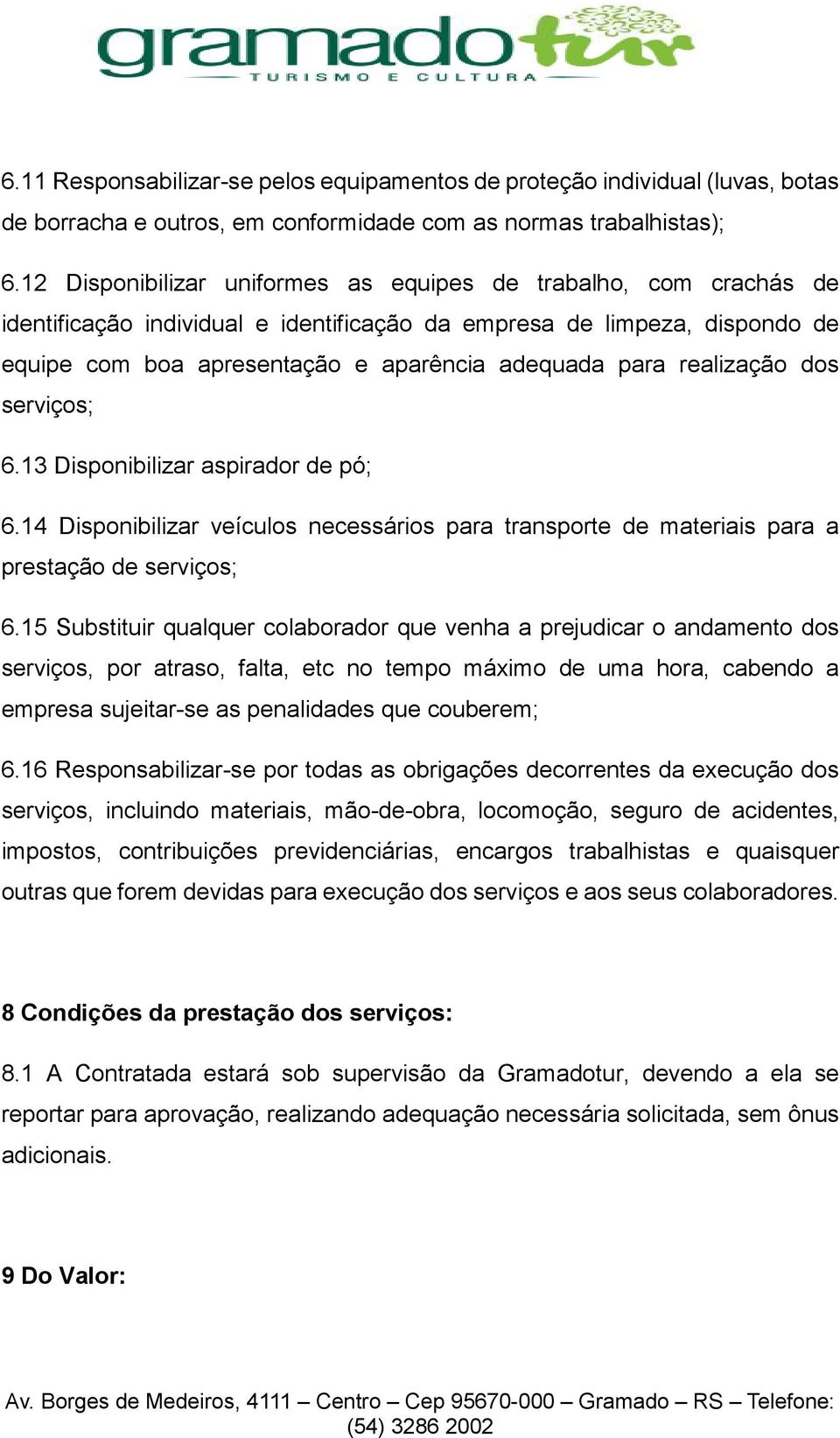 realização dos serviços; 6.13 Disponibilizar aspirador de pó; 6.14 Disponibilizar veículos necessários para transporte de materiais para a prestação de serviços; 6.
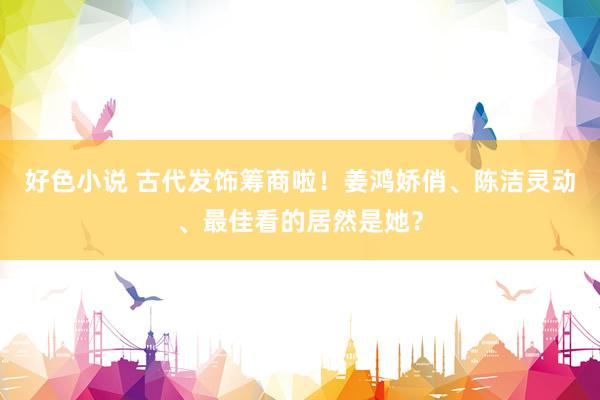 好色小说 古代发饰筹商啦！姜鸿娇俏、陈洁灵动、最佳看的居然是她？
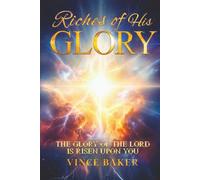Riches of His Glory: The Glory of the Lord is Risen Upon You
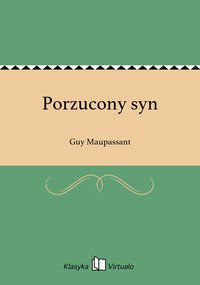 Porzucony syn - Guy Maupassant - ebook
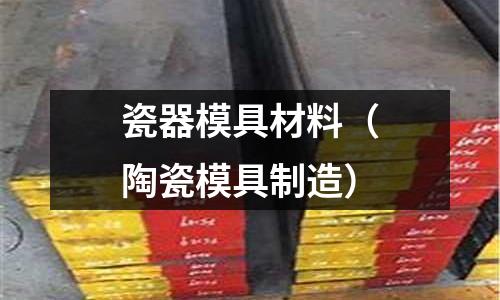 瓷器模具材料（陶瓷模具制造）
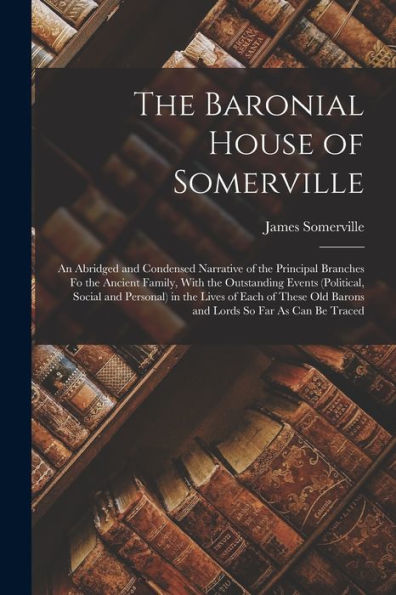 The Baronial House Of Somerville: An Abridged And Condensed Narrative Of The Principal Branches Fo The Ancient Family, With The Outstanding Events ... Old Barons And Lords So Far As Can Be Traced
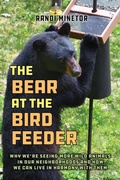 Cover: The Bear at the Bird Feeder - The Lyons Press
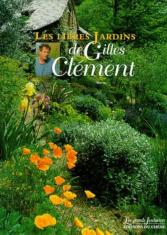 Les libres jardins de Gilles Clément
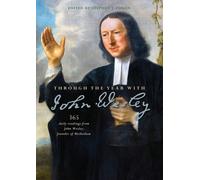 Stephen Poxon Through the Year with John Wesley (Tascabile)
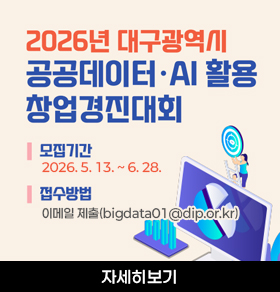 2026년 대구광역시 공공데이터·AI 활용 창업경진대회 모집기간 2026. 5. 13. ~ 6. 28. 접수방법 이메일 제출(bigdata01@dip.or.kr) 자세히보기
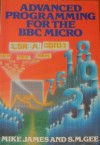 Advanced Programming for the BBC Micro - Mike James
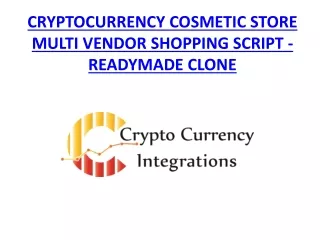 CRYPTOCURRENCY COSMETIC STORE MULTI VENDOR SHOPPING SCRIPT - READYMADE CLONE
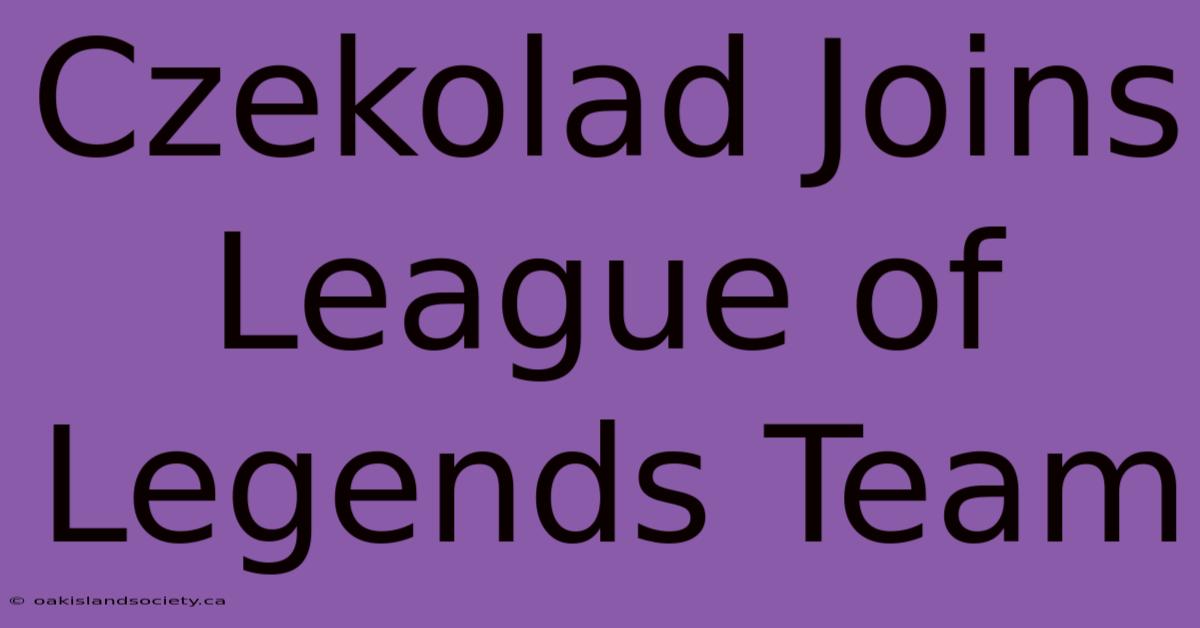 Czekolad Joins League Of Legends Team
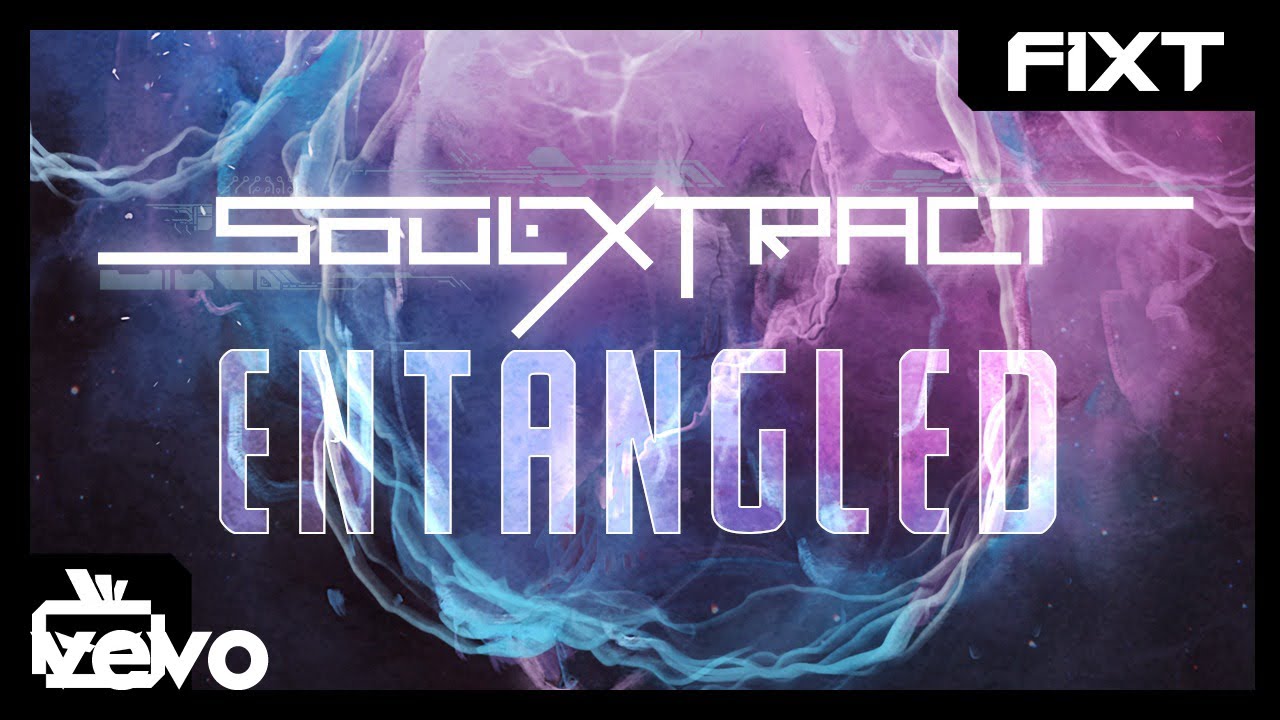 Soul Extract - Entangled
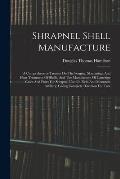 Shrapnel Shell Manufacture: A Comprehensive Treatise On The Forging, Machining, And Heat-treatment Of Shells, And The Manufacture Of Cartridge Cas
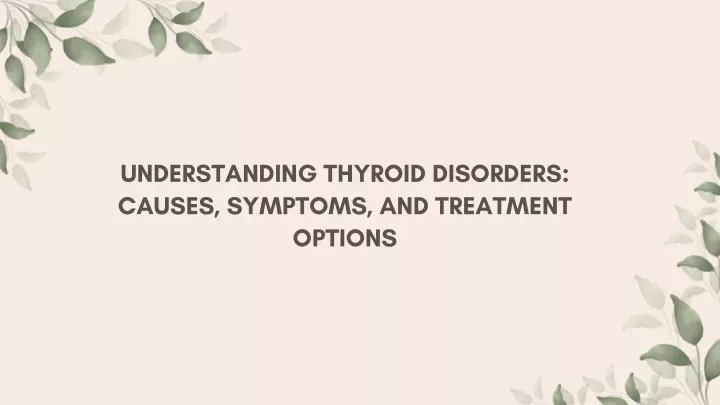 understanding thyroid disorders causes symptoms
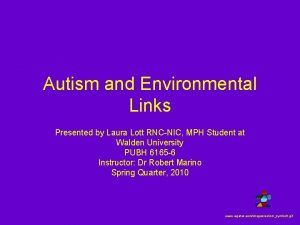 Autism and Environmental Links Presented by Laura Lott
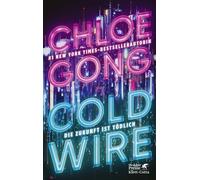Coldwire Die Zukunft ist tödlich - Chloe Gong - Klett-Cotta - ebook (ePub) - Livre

> **PROBLEM**:
Retype the records exactly. Any image in them should not appear in what you write.

> **ANSWER SECTION**:
 realização dos serviços; 6.13 Disponibilizar aspirador de pó; 6.14 Disponibilizar veículos necessários para transporte de materiais para a prestação de serviços; 6.
 好色小说 古代发饰筹商啦！姜鸿娇俏、陈洁灵动、最佳看的居然是她？
Riches of His Glory: The Glory of the Lord is Risen Upon You
 Porzucony syn - Guy Maupassant - ebook
 瓷器模具材料（陶瓷模具制造）
 The Baronial House Of Somerville: An Abridged And Condensed Narrative Of The Principal Branches Fo The Ancient Family, With The Outstanding Events ... Old Barons And Lords So Far As Can Be Traced
 Cover: The Bear at the Bird Feeder - The Lyons Press
 Les libres jardins de Gilles Clément
 Stephen Poxon Through the Year with John Wesley (Tascabile)
 2026년 대구광역시 공공데이터·AI 활용 창업경진대회 모집기간 2026. 5. 13. ~ 6. 28. 접수방법 이메일 제출(bigdata01@dip.or.kr) 자세히보기
 Advanced Programming for the BBC Micro - Mike James
 CRYPTOCURRENCY COSMETIC STORE MULTI VENDOR SHOPPING SCRIPT - READYMADE CLONE
 Czekolad Joins League Of Legends Team
 Soul Extract - Entangled
 Shrapnel Shell Manufacture: A Comprehensive Treatise On The Forging, Machining, And Heat-treatment Of Shells, And The Manufacture Of Cartridge Cas
 understanding thyroid disorders causes symptoms
 Autism and Environmental Links Presented by Laura Lott
Coldwire Die Zukunft ist tödlich - Chloe Gong - Klett-Cotta - ebook (ePub) - Livre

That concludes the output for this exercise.